Yes I was surprised to come across so
many ravers datelines! I wonder if this is something you had come across
before? Hooking up and meeting potential partners never struck me as a priority
to pilled-up ravers but I must be mistaken... It was relatively before my time,
and I suppose it's easy to be swayed by the dominant narrative of early rave being
a drug-fuelled oasis away from meat-market bars & clubs, but there was
clearly a market for it! I can't help being reminded of Father
Ted's priest chatback line whenever I hear it, also.
I think you mentioned in
that Crack interview how most people paused the tape when the ads came
on… so there’s a limited number of ad breaks that have
survived intact.
Yeah I guess it makes sense that the
music is what the majority of the listeners are there for, and the ads can do
one - or indeed be edited out later. The sources I had were pretty much all
online, so I suppose you could say that a portion of those who have
ripped/digitized their tapes didn't stop their recordings when the ads came on,
and rather they have cropped them out in the process. But in general it's the
same principle as to when you would record a TV show on VHS - a waste of
valuable magnetic tape space.
What number did you
accumulate before you started winnowing them down?

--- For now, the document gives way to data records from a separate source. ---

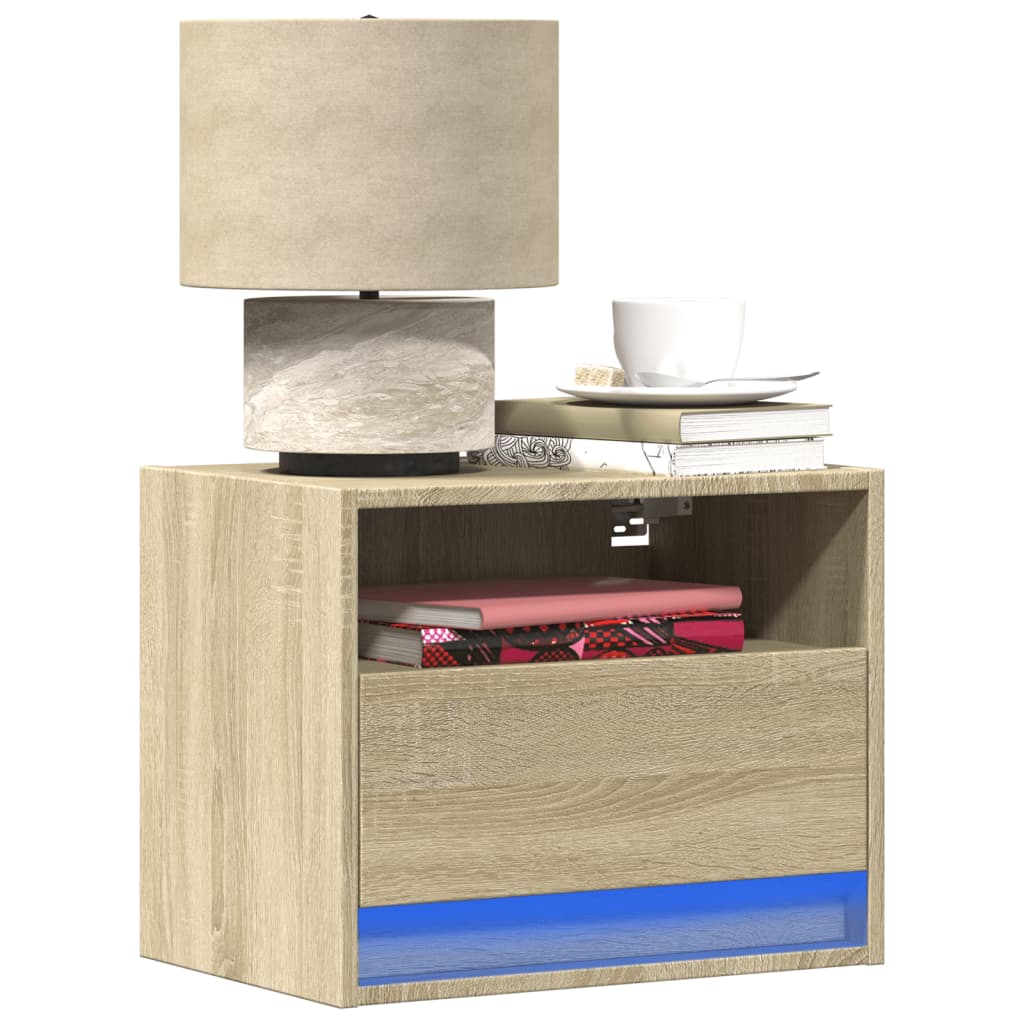 Wall-mounted Bedside Cabinet with LED Lights Sonoma Oak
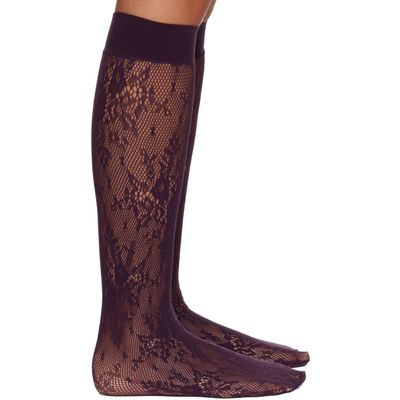 Swedish Stockings Purple Rosa Lace Knee-High Socks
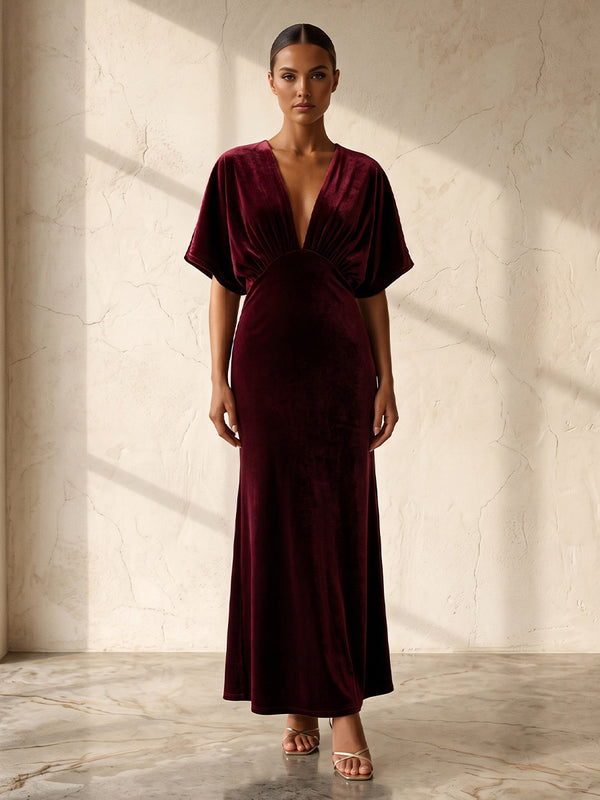 Sheath/Column V-Neck Velvet Maxi Wedding Guest Dresses with Ruched Bodice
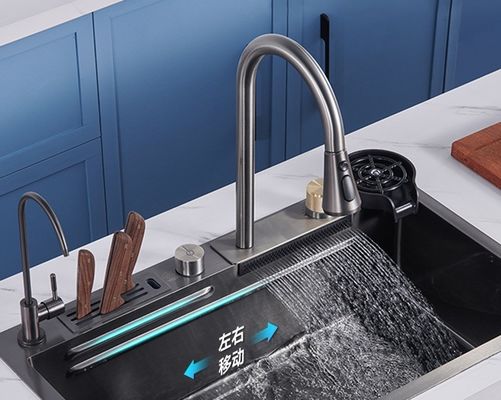 Grau 75*45 Einfachschüssel Schreibtisch Unterbau SUS304 Küchenspüler mit Regenhahn Ausziehsprüher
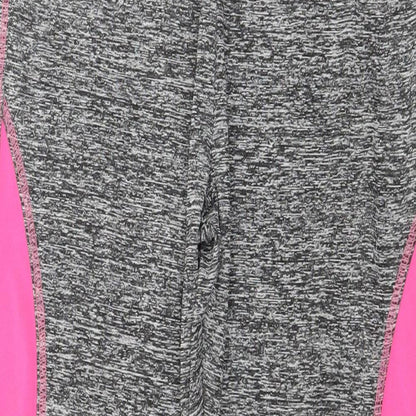 New Ann Womens Grey Colourblock Jersey Capri Leggings Size S L24 in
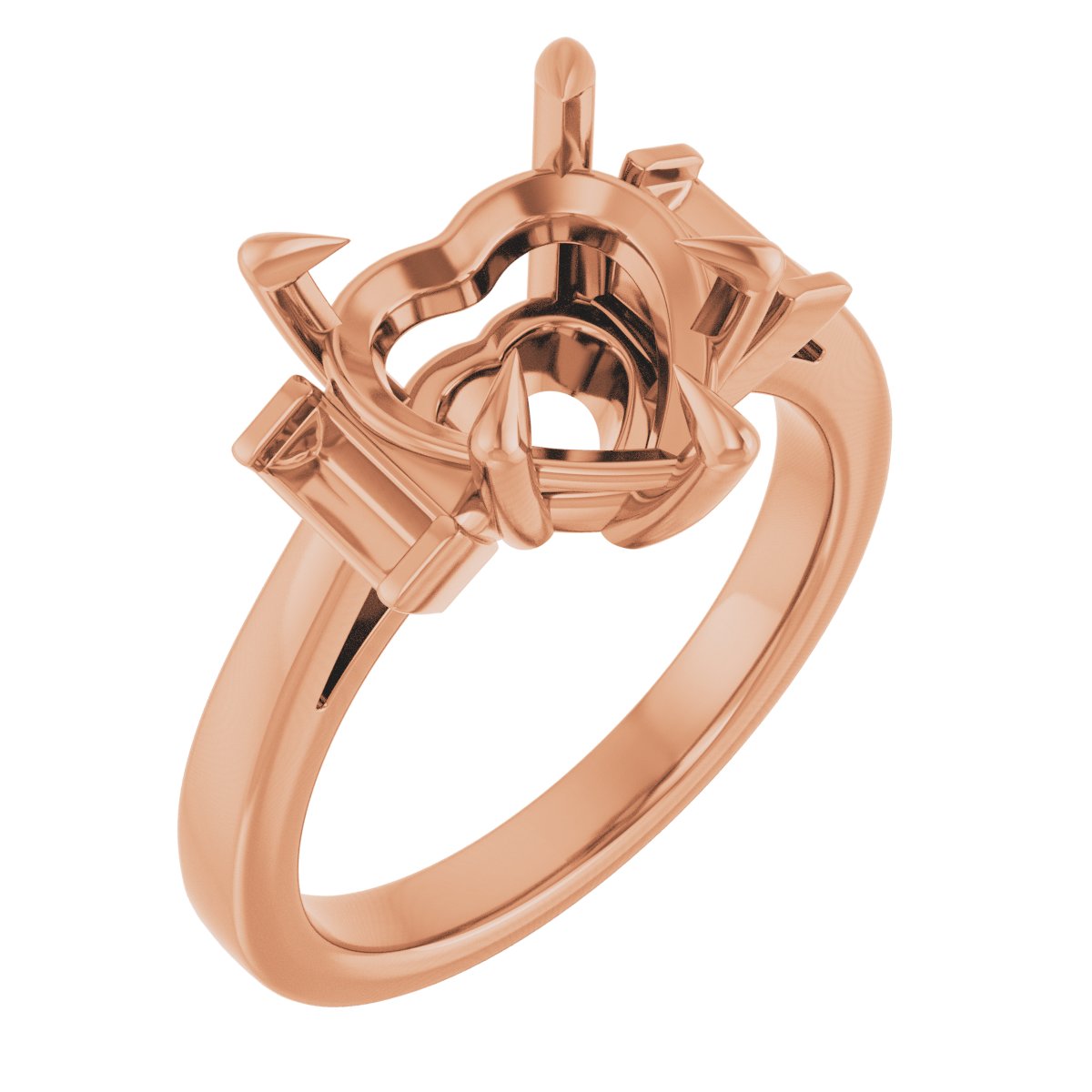 Claw-Prong Three-Stone Engagement Ring or Band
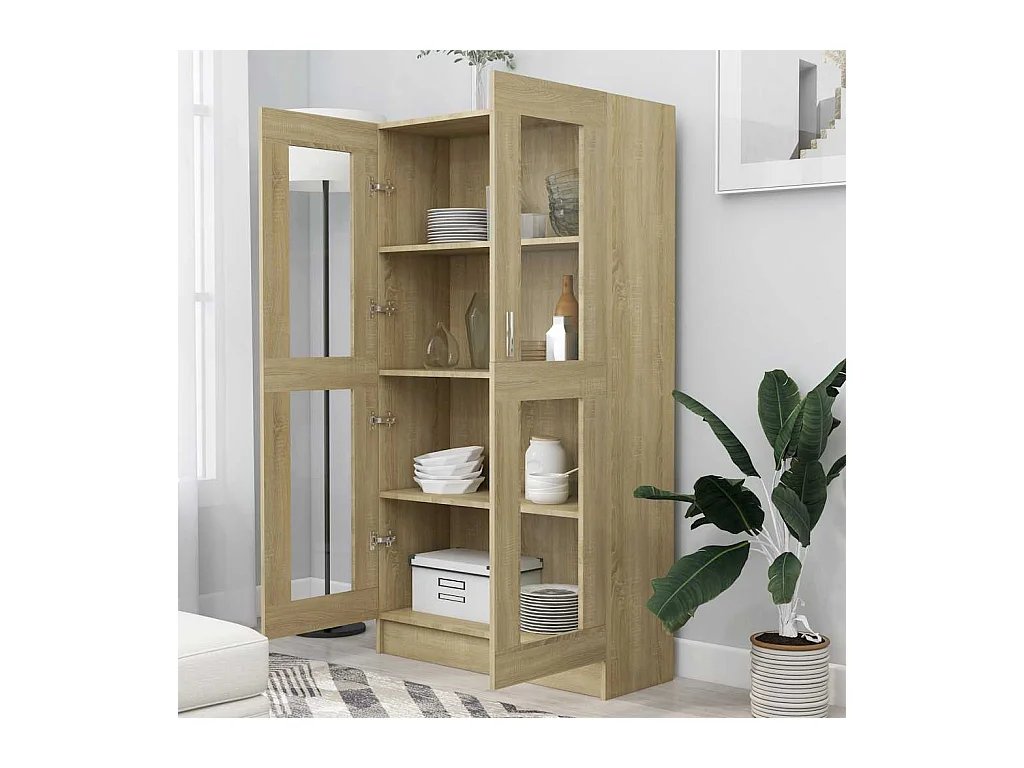 Vetrina in rovere Sonoma 82,5x30,5x150 cm Legno ingegnerizzato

Maybe 100 total? It's been a bit of a
blur to be honest. At some point I think I was losing it a bit.
It’s good that you have ads that aren’t
just rave / hardcore / jungle, but others kind of music that were big then –
like mellow house and progressive house etc.
It's easy to imagine pirate radio as
exclusively a place for jungle, hardcore, reggae and dancehall etc. but yes
it's refreshing. I particularly am interested in the popularity of rare groove
and how that fits into the mix. The Under
18s Disco advert
strikes me for it's mix up of styles - 'ragga, house, rap & swing'.
What is your favorite ad
out of all the ones on the two cassettes? Or top 2 or 3.
I think probably the Videobox rental shop is up there, it's the faux dialogue that just makes me smile. The Rolls Royce & A Big House in 89 is just fantastic for the list of celebrities who have "been invited", and that you simply need to go into your local hairdresser for £1 tickets.